We can now successfully create tickets and view the queue. So far, our TicketControl component handles all state in our application. It includes local state (determining whether the form or the ticket list should be showing) and shared state (our main ticket list).

At this point, we have CREATE functionality as well as READ (all) functionality, so we are almost halfway to making a functional CRUD application. In this lesson, we'll plan out a TicketDetail component. Users will be able to click on a ticket to see its detail. That will give us complete READ functionality.

First, we need to think about where our TicketDetail component should go in our component diagram. It may be tempting to place it below our Ticket component. After all, isn't it almost the same thing? However, we will be making our coding lives more complicated if we have to go through the Ticket component to access TicketDetail. The following picture illustrates why:

The diagram on the left shows that data needs to be passed through multiple components to get to TicketDetail while the diagram on the right shows data being passed directly from TicketControl to TicketDetail

Let's start with the diagram on the left. If TicketControl holds our shared state, it would need to be passed through TicketList and Ticket before it reaches TicketDetail. That's a lot of props. There's a term for passing props through many components: prop drilling. If possible, it should be avoided — after all, the more components that have to pass down props, the more places our application could break down.

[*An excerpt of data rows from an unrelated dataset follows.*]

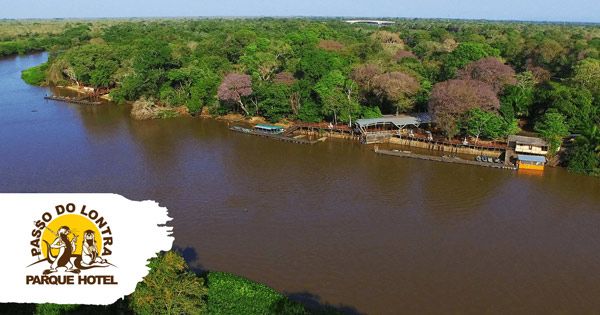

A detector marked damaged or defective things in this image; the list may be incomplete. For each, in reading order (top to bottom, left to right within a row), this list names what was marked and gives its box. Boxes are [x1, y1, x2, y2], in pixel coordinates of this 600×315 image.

white torn paper shape [0, 194, 173, 304]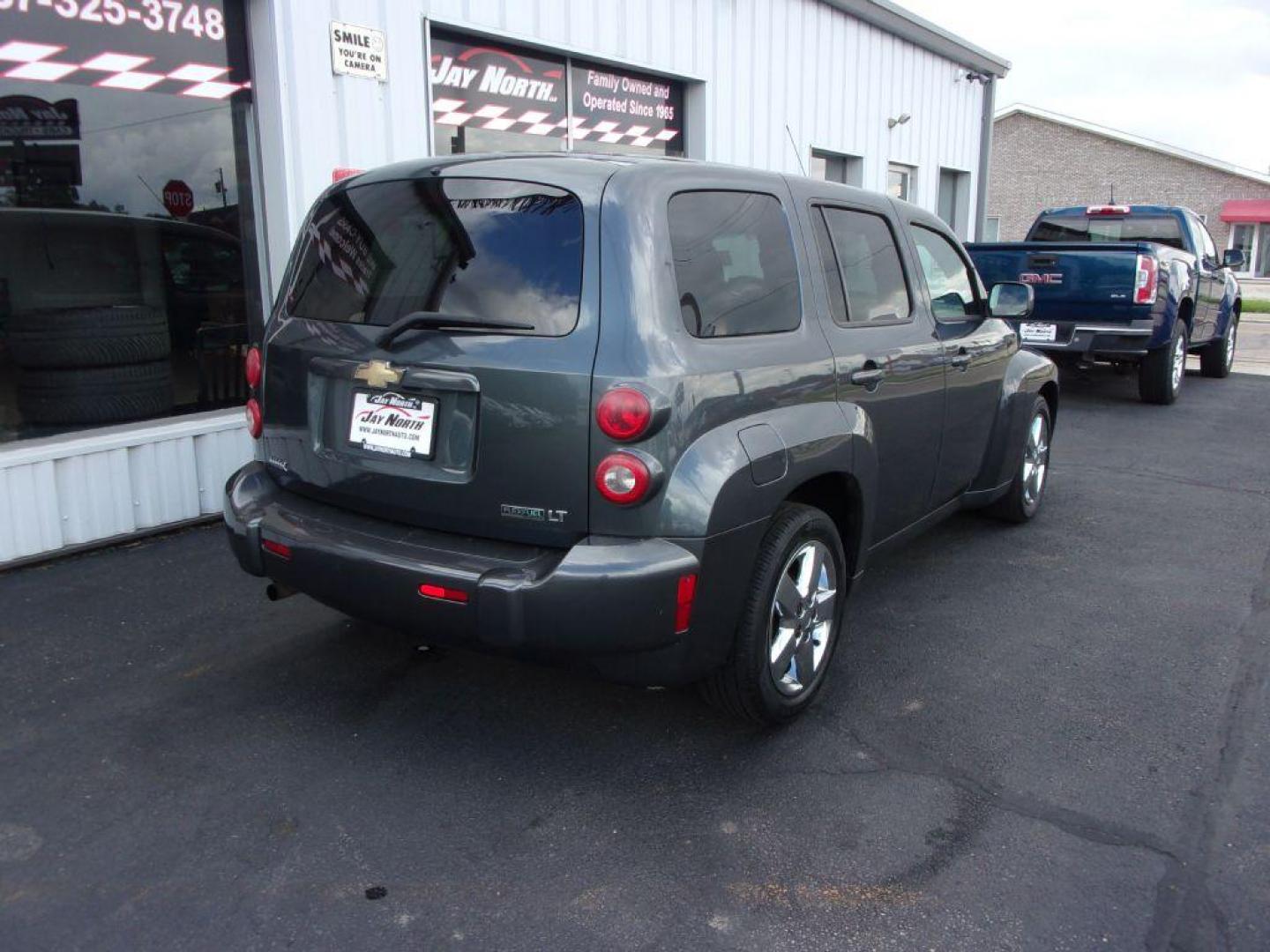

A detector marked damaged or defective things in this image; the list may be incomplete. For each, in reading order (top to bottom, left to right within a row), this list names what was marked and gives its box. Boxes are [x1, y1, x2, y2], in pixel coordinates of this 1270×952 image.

crack in pavement [1143, 543, 1270, 952]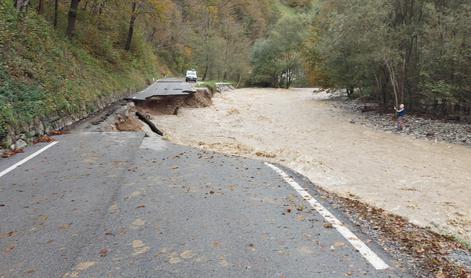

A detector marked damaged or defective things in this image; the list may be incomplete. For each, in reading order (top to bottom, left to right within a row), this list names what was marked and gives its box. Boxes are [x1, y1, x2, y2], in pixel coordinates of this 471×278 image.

damaged asphalt road [0, 134, 412, 276]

Meanwhile, in the diagram on the right, if we just pass data from TicketControl to TicketDetail, we avoid prop drilling altogether. TicketControl already handles shared state. It also has local state that determines which component should be showing.

For that reason, we can make our lives easier by updating our component diagram to look like this:

This diagram shows the updated Help Queue component diagram with the new TicketDetail component.

TicketControl will be able to pass props and state directly to TicketDetail. TicketControl also already has conditional rendering so we will just need to add one more conditional to determine whether TicketDetail should render instead of TicketList or NewTicketForm.

We will also need to add some new local state to TicketControl. Don't worry about making this change right now, but in the next few lessons the default state of the TicketControl component will be updated to look like this:

this.state = {
formVisibleOnPage: false,
mainTicketList: [],
selectedTicket: null

We'll add a third piece of state called selectedTicket which begins as null. If you are working along with the lesson, you don't need to add this code yet — we will go over it again in the next lesson.

If a user clicks on a ticket, selectedTicket will be updated to the correct ticket — and the TicketDetail for that ticket will show.

Each of these properties is a state slice. A state slice is a piece of state that can be mutated independently of other state slices.

Our first state slice determines whether or not a form should show on the page. It is local state.

Our second state slice holds the list of all tickets. It is shared state.

Our third state slice will determine whether our TicketDetail component should show or not.